PROVIDED ENTRIES:
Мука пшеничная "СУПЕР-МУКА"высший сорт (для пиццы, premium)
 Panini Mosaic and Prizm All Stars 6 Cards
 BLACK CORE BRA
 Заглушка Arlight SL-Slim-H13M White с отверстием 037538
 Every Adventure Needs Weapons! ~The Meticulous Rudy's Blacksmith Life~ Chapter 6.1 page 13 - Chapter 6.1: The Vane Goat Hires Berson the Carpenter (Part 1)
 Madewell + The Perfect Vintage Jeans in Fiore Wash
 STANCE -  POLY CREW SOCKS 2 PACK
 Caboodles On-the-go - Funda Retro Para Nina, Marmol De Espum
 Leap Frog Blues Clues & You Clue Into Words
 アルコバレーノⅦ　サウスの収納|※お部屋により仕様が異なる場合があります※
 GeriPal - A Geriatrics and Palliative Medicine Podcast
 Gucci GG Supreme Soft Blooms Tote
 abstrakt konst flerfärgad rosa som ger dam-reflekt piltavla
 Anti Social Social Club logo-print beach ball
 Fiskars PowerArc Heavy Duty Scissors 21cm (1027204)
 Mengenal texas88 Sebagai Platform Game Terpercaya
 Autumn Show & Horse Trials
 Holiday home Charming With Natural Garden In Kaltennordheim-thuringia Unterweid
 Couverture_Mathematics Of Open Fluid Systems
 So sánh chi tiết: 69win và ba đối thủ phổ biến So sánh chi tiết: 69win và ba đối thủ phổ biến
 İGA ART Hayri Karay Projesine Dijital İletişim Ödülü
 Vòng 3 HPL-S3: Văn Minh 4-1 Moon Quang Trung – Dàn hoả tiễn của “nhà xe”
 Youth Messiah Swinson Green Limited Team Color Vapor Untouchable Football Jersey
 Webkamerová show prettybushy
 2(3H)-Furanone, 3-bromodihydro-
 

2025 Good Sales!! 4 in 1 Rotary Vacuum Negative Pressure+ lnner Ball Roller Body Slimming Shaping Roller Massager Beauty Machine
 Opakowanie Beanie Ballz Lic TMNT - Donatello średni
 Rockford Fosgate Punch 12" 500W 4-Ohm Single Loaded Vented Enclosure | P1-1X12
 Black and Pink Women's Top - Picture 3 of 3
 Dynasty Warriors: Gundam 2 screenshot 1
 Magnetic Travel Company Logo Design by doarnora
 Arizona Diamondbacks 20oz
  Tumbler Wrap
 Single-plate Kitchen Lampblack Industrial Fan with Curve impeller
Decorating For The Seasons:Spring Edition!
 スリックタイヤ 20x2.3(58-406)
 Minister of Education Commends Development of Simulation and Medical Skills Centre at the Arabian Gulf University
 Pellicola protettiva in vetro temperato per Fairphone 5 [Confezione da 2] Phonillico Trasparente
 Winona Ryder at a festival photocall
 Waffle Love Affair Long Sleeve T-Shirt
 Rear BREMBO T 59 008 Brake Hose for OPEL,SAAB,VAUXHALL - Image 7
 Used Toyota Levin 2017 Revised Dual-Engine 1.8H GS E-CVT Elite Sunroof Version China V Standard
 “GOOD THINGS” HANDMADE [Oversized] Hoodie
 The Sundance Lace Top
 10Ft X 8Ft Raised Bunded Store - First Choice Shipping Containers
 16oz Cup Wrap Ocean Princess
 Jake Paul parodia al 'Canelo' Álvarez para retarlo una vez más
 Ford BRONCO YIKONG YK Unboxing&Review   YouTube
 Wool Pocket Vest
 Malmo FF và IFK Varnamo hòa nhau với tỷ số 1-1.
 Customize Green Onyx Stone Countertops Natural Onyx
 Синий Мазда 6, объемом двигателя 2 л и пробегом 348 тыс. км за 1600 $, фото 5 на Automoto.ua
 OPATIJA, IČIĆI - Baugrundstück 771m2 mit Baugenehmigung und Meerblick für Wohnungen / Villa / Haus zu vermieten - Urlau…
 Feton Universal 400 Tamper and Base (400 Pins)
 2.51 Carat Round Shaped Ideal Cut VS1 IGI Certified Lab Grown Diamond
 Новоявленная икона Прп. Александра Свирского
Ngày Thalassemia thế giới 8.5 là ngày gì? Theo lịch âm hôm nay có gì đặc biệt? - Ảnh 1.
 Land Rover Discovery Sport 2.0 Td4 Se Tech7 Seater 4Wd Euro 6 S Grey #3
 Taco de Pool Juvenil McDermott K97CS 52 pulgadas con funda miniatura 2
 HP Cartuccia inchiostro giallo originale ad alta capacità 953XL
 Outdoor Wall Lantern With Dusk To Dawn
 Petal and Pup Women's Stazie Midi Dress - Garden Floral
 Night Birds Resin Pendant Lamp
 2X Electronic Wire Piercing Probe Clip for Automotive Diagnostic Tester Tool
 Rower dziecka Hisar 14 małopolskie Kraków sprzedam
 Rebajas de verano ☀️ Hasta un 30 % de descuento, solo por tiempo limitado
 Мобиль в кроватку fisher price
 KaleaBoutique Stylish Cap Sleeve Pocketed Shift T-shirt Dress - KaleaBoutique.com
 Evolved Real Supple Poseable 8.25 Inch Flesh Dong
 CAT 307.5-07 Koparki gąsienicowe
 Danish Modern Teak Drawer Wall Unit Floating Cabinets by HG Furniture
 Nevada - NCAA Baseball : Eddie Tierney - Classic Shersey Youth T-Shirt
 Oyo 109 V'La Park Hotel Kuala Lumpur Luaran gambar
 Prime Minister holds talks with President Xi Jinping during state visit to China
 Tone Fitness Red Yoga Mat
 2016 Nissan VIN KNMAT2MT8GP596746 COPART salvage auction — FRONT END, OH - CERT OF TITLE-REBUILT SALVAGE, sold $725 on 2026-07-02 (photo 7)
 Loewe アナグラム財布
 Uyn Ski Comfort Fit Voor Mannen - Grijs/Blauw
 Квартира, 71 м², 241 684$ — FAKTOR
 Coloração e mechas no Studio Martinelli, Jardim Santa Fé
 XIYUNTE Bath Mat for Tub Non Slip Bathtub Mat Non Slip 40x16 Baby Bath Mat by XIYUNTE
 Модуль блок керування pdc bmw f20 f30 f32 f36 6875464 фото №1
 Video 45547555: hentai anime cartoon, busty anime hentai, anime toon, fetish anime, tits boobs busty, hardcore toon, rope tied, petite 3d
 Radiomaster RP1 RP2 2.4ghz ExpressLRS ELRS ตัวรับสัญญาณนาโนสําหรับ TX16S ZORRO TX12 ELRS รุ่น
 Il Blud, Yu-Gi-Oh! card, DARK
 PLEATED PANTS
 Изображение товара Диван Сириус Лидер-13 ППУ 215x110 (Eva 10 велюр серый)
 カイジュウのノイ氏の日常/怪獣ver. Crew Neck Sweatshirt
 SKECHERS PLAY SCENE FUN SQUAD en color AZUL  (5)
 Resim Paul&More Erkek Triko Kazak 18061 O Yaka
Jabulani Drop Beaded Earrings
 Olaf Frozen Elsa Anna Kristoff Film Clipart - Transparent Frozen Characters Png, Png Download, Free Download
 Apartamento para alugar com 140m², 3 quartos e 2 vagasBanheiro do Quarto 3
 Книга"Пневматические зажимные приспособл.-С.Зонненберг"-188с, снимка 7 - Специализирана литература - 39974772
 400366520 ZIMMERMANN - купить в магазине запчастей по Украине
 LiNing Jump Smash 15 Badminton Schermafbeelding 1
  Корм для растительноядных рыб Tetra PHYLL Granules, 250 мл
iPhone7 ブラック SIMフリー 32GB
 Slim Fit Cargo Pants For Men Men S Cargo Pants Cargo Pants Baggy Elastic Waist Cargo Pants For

TASK TO COMPLETE:
Print the entries exactly. Include every one.

RESPONSE TO THIS EXERCISE:
Мука пшеничная "СУПЕР-МУКА"высший сорт (для пиццы, premium)
 Panini Mosaic and Prizm All Stars 6 Cards
 BLACK CORE BRA
 Заглушка Arlight SL-Slim-H13M White с отверстием 037538
 Every Adventure Needs Weapons! ~The Meticulous Rudy's Blacksmith Life~ Chapter 6.1 page 13 - Chapter 6.1: The Vane Goat Hires Berson the Carpenter (Part 1)
 Madewell + The Perfect Vintage Jeans in Fiore Wash
 STANCE -  POLY CREW SOCKS 2 PACK
 Caboodles On-the-go - Funda Retro Para Nina, Marmol De Espum
 Leap Frog Blues Clues & You Clue Into Words
 アルコバレーノⅦ　サウスの収納|※お部屋により仕様が異なる場合があります※
 GeriPal - A Geriatrics and Palliative Medicine Podcast
 Gucci GG Supreme Soft Blooms Tote
 abstrakt konst flerfärgad rosa som ger dam-reflekt piltavla
 Anti Social Social Club logo-print beach ball
 Fiskars PowerArc Heavy Duty Scissors 21cm (1027204)
 Mengenal texas88 Sebagai Platform Game Terpercaya
 Autumn Show & Horse Trials
 Holiday home Charming With Natural Garden In Kaltennordheim-thuringia Unterweid
 Couverture_Mathematics Of Open Fluid Systems
 So sánh chi tiết: 69win và ba đối thủ phổ biến So sánh chi tiết: 69win và ba đối thủ phổ biến
 İGA ART Hayri Karay Projesine Dijital İletişim Ödülü
 Vòng 3 HPL-S3: Văn Minh 4-1 Moon Quang Trung – Dàn hoả tiễn của “nhà xe”
 Youth Messiah Swinson Green Limited Team Color Vapor Untouchable Football Jersey
 Webkamerová show prettybushy
 2(3H)-Furanone, 3-bromodihydro-
 

2025 Good Sales!! 4 in 1 Rotary Vacuum Negative Pressure+ lnner Ball Roller Body Slimming Shaping Roller Massager Beauty Machine
 Opakowanie Beanie Ballz Lic TMNT - Donatello średni
 Rockford Fosgate Punch 12" 500W 4-Ohm Single Loaded Vented Enclosure | P1-1X12
 Black and Pink Women's Top - Picture 3 of 3
 Dynasty Warriors: Gundam 2 screenshot 1
 Magnetic Travel Company Logo Design by doarnora
 Arizona Diamondbacks 20oz
  Tumbler Wrap
 Single-plate Kitchen Lampblack Industrial Fan with Curve impeller
Decorating For The Seasons:Spring Edition!
 スリックタイヤ 20x2.3(58-406)
 Minister of Education Commends Development of Simulation and Medical Skills Centre at the Arabian Gulf University
 Pellicola protettiva in vetro temperato per Fairphone 5 [Confezione da 2] Phonillico Trasparente
 Winona Ryder at a festival photocall
 Waffle Love Affair Long Sleeve T-Shirt
 Rear BREMBO T 59 008 Brake Hose for OPEL,SAAB,VAUXHALL - Image 7
 Used Toyota Levin 2017 Revised Dual-Engine 1.8H GS E-CVT Elite Sunroof Version China V Standard
 “GOOD THINGS” HANDMADE [Oversized] Hoodie
 The Sundance Lace Top
 10Ft X 8Ft Raised Bunded Store - First Choice Shipping Containers
 16oz Cup Wrap Ocean Princess
 Jake Paul parodia al 'Canelo' Álvarez para retarlo una vez más
 Ford BRONCO YIKONG YK Unboxing&Review   YouTube
 Wool Pocket Vest
 Malmo FF và IFK Varnamo hòa nhau với tỷ số 1-1.
 Customize Green Onyx Stone Countertops Natural Onyx
 Синий Мазда 6, объемом двигателя 2 л и пробегом 348 тыс. км за 1600 $, фото 5 на Automoto.ua
 OPATIJA, IČIĆI - Baugrundstück 771m2 mit Baugenehmigung und Meerblick für Wohnungen / Villa / Haus zu vermieten - Urlau…
 Feton Universal 400 Tamper and Base (400 Pins)
 2.51 Carat Round Shaped Ideal Cut VS1 IGI Certified Lab Grown Diamond
 Новоявленная икона Прп. Александра Свирского
Ngày Thalassemia thế giới 8.5 là ngày gì? Theo lịch âm hôm nay có gì đặc biệt? - Ảnh 1.
 Land Rover Discovery Sport 2.0 Td4 Se Tech7 Seater 4Wd Euro 6 S Grey #3
 Taco de Pool Juvenil McDermott K97CS 52 pulgadas con funda miniatura 2
 HP Cartuccia inchiostro giallo originale ad alta capacità 953XL
 Outdoor Wall Lantern With Dusk To Dawn
 Petal and Pup Women's Stazie Midi Dress - Garden Floral
 Night Birds Resin Pendant Lamp
 2X Electronic Wire Piercing Probe Clip for Automotive Diagnostic Tester Tool
 Rower dziecka Hisar 14 małopolskie Kraków sprzedam
 Rebajas de verano ☀️ Hasta un 30 % de descuento, solo por tiempo limitado
 Мобиль в кроватку fisher price
 KaleaBoutique Stylish Cap Sleeve Pocketed Shift T-shirt Dress - KaleaBoutique.com
 Evolved Real Supple Poseable 8.25 Inch Flesh Dong
 CAT 307.5-07 Koparki gąsienicowe
 Danish Modern Teak Drawer Wall Unit Floating Cabinets by HG Furniture
 Nevada - NCAA Baseball : Eddie Tierney - Classic Shersey Youth T-Shirt
 Oyo 109 V'La Park Hotel Kuala Lumpur Luaran gambar
 Prime Minister holds talks with President Xi Jinping during state visit to China
 Tone Fitness Red Yoga Mat
 2016 Nissan VIN KNMAT2MT8GP596746 COPART salvage auction — FRONT END, OH - CERT OF TITLE-REBUILT SALVAGE, sold $725 on 2026-07-02 (photo 7)
 Loewe アナグラム財布
 Uyn Ski Comfort Fit Voor Mannen - Grijs/Blauw
 Квартира, 71 м², 241 684$ — FAKTOR
 Coloração e mechas no Studio Martinelli, Jardim Santa Fé
 XIYUNTE Bath Mat for Tub Non Slip Bathtub Mat Non Slip 40x16 Baby Bath Mat by XIYUNTE
 Модуль блок керування pdc bmw f20 f30 f32 f36 6875464 фото №1
 Video 45547555: hentai anime cartoon, busty anime hentai, anime toon, fetish anime, tits boobs busty, hardcore toon, rope tied, petite 3d
 Radiomaster RP1 RP2 2.4ghz ExpressLRS ELRS ตัวรับสัญญาณนาโนสําหรับ TX16S ZORRO TX12 ELRS รุ่น
 Il Blud, Yu-Gi-Oh! card, DARK
 PLEATED PANTS
 Изображение товара Диван Сириус Лидер-13 ППУ 215x110 (Eva 10 велюр серый)
 カイジュウのノイ氏の日常/怪獣ver. Crew Neck Sweatshirt
 SKECHERS PLAY SCENE FUN SQUAD en color AZUL  (5)
 Resim Paul&More Erkek Triko Kazak 18061 O Yaka
Jabulani Drop Beaded Earrings
 Olaf Frozen Elsa Anna Kristoff Film Clipart - Transparent Frozen Characters Png, Png Download, Free Download
 Apartamento para alugar com 140m², 3 quartos e 2 vagasBanheiro do Quarto 3
 Книга"Пневматические зажимные приспособл.-С.Зонненберг"-188с, снимка 7 - Специализирана литература - 39974772
 400366520 ZIMMERMANN - купить в магазине запчастей по Украине
 LiNing Jump Smash 15 Badminton Schermafbeelding 1
  Корм для растительноядных рыб Tetra PHYLL Granules, 250 мл
iPhone7 ブラック SIMフリー 32GB
 Slim Fit Cargo Pants For Men Men S Cargo Pants Cargo Pants Baggy Elastic Waist Cargo Pants For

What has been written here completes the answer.